Volatile and semivolatile
organic compounds in ambient air and
occupational settings are of great concern due to their associated
adverse human health and environmental impacts. Novel graphene wool
samplers have been developed and tested to overcome limitations of
commercially available sorbents that can only be used once and typically
require solvent extraction. Graphene wool (GW) was synthesized by
non-catalytic chemical vapor deposition with optimized conditions,
resulting in a novel fibrous graphene wool that is very easy to manage
and less rigid than other forms of graphene, lending itself to a wide
range of potential applications. Here, the air pollutant sampling
capabilities of the GW were of interest. The optimal packing weight
of GW inside a glass tube (length 178 mm, i.d. 4 mm, o.d. 6 mm) was
investigated by the adsorption of vaporized alkane standards on the
GW, using a condensation aerosol generator in a temperature-controlled
chamber and subsequent detection using a flame ionization detector.
The optimized GW packing density was found to be 0.19 mg mm–3 at a flow rate of 500 mL min–1, which provided
a gas collection efficiency of >90% for octane, decane, and hexadecane.

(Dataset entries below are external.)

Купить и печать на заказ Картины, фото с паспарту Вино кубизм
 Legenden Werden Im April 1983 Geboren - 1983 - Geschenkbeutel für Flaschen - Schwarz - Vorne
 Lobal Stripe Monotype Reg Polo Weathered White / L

The humidity uptake of the sampler is less than 1% (m/m) for ambient
humidities <70%. Breakthrough studies showed the favorable adsorption
of polar molecules, which is attributed to the defective nature of
the graphene and the inhomogeneous coating of the graphene layers
on the quartz wool, suggesting that the polar versus non-polar uptake
potential of the GW can be tuned by varying the graphene layering
on the quartz wool substrate during synthesis. Oxidized domains at
the irregular edges of the graphene layers, due to a broken, non-pristine
sp2 carbon network, allow for adsorption of polar molecules.

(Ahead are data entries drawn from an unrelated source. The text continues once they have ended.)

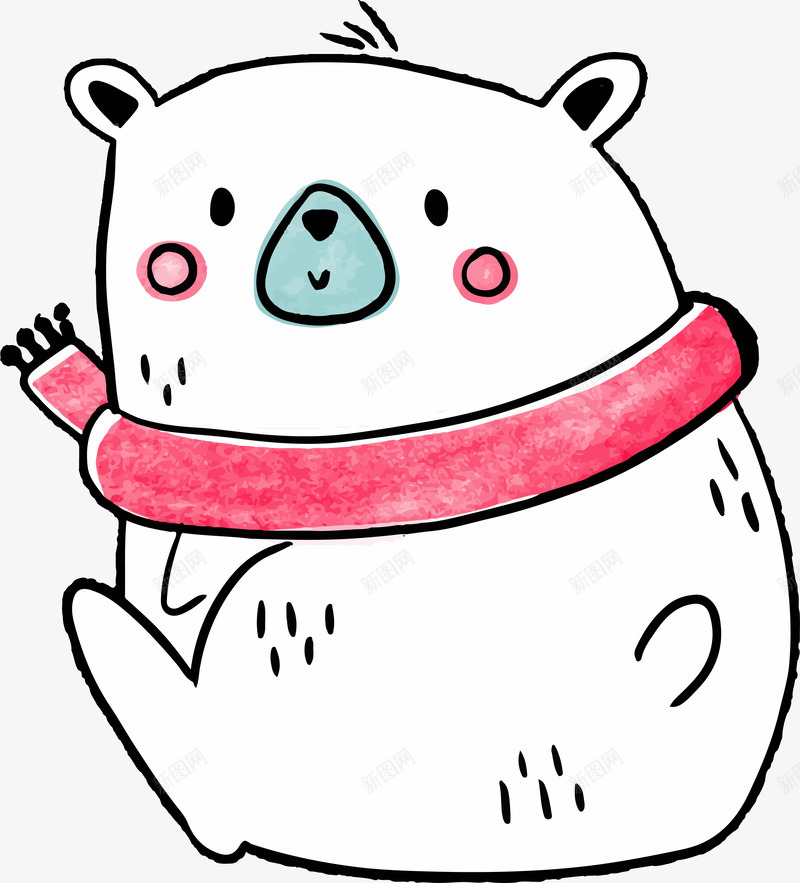 手绘白熊装饰png免抠素材_新图网 https://ixintu.com 卡通动物 卡通装饰 小熊填色 扁平化 手绘白熊 白色小熊 矢量图案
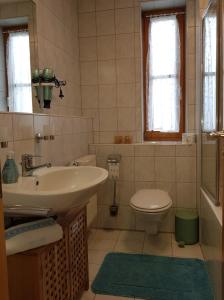 a bathroom with a sink and a toilet at Ferienwohnung 32 im Ferienland Sonnenwald - Bayerischer Wald in Schöfweg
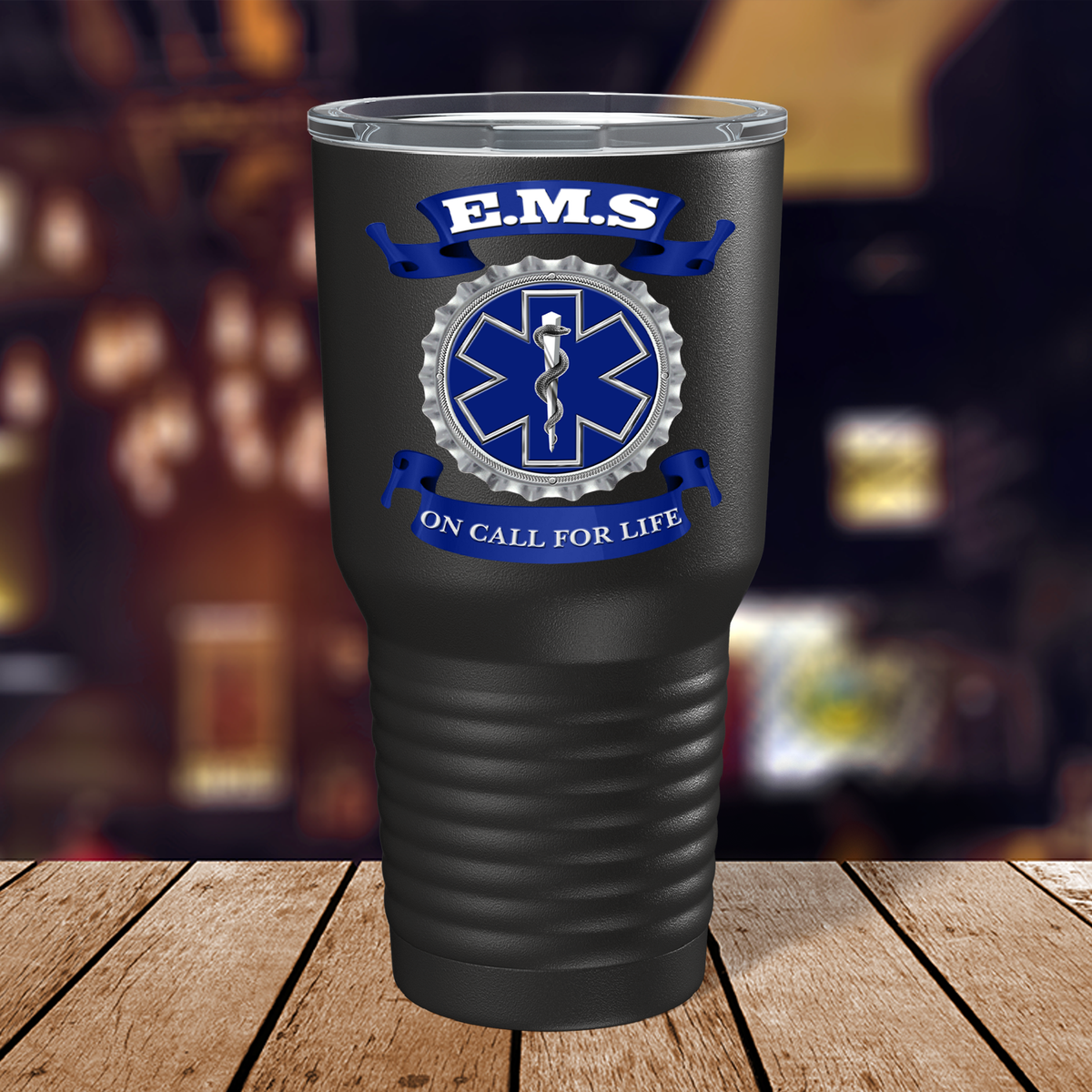 EMS Blue on Call for LIFE on 30oz Black Paramedic Tumbler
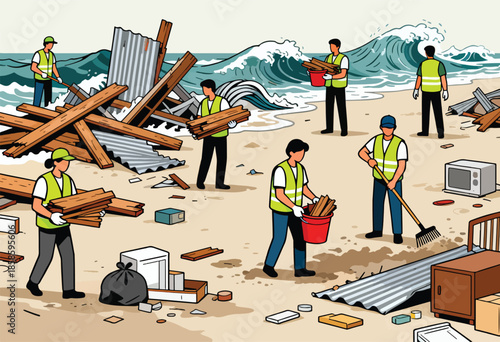Volunteers clean a debris-strewn beach with large waves in the background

The GW was applied and used in a combustion sampling campaign where
the samplers proved to be comparable to frequently used polydimethylsiloxane
sorbents in terms of sampling and thermal desorption of non-polar
semivolatile organic compounds. The total alkane concentrations detected
after thermal desorption of GW and PDMS samplers were found to be
17.96 ± 13.27 and 18.30 ± 16.42 μg m–3, respectively; thus, the difference in the alkane sampling concentration
between the two sorbent systems was negligible. GW provides a new,
exciting possibility for the monitoring of organic air pollutants
with numerous advantages, including high sampling efficiencies, simple
and cost-effective synthesis of the thermally stable GW, solvent-free
and environmentally friendly analysis, and, importantly, the reusability
of samplers.